[Scraped caption text data]
>>>>>

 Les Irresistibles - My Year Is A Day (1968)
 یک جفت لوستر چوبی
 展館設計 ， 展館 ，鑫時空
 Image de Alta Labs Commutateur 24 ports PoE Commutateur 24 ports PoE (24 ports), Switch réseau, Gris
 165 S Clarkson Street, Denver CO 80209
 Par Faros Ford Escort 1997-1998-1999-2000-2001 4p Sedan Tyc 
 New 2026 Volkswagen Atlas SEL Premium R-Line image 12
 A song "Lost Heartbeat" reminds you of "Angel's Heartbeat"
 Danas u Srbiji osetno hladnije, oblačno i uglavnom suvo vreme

<<<<<
>>>>>

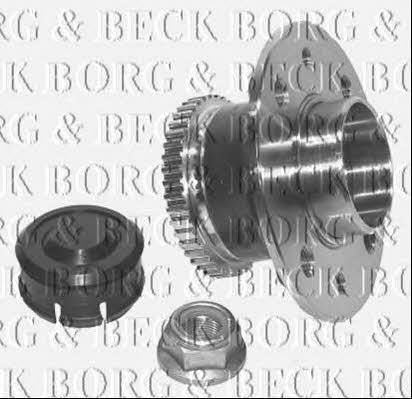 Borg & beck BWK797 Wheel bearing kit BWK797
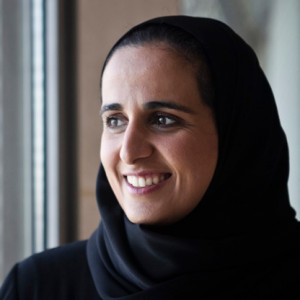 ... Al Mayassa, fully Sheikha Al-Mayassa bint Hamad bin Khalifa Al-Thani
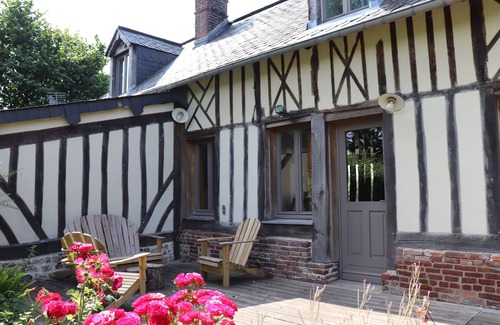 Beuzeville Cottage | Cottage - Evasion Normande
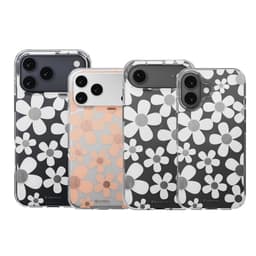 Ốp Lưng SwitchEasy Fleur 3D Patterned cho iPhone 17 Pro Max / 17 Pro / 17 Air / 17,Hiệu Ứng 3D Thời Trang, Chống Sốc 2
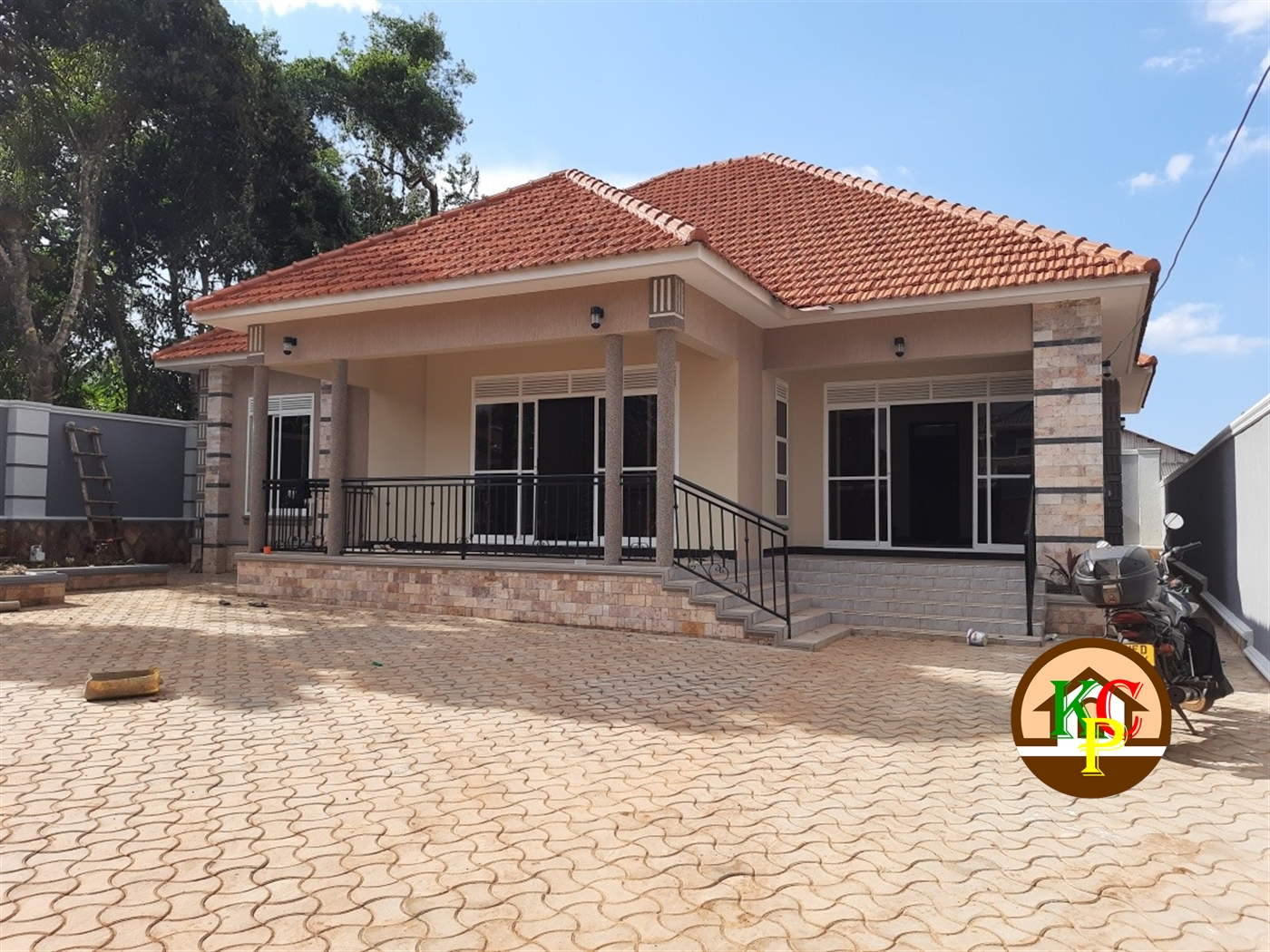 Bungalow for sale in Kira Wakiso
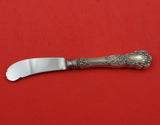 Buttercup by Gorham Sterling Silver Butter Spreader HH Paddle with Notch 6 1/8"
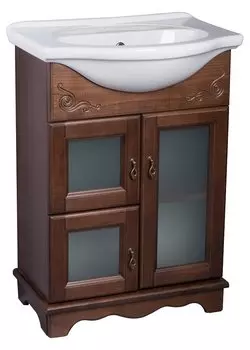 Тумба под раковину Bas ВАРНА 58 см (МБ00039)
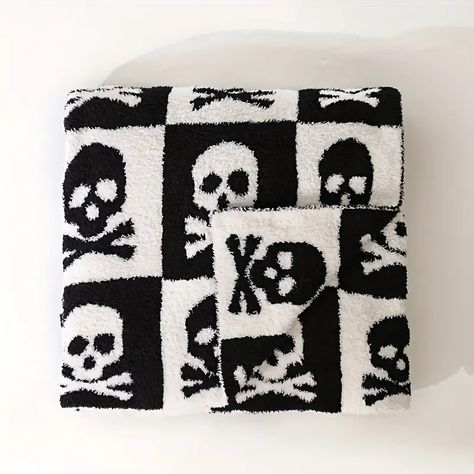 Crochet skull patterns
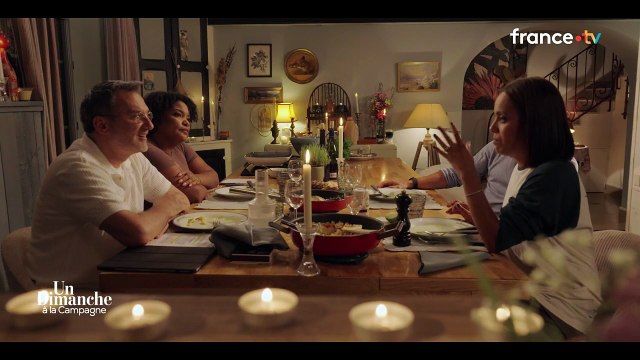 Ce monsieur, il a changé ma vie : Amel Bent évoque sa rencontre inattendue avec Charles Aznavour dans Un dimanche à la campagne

<<<<<
>>>>>

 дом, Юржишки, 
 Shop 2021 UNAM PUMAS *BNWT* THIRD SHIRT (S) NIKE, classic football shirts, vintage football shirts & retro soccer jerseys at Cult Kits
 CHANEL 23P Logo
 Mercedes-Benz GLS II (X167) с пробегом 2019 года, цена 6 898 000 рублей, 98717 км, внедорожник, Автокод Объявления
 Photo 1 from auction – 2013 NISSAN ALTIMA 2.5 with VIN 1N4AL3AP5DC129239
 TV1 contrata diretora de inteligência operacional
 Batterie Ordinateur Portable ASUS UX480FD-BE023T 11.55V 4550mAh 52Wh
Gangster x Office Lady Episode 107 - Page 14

<<<<<

— Problem requirements —
What is asked for is an exact copy of the lines above from the one containing "TV1 contrata diretora" through the one containing "Gangster x Office Lady Episode 107 - Page 14", and only those.

— Finished task —
 TV1 contrata diretora de inteligência operacional
 Batterie Ordinateur Portable ASUS UX480FD-BE023T 11.55V 4550mAh 52Wh
Gangster x Office Lady Episode 107 - Page 14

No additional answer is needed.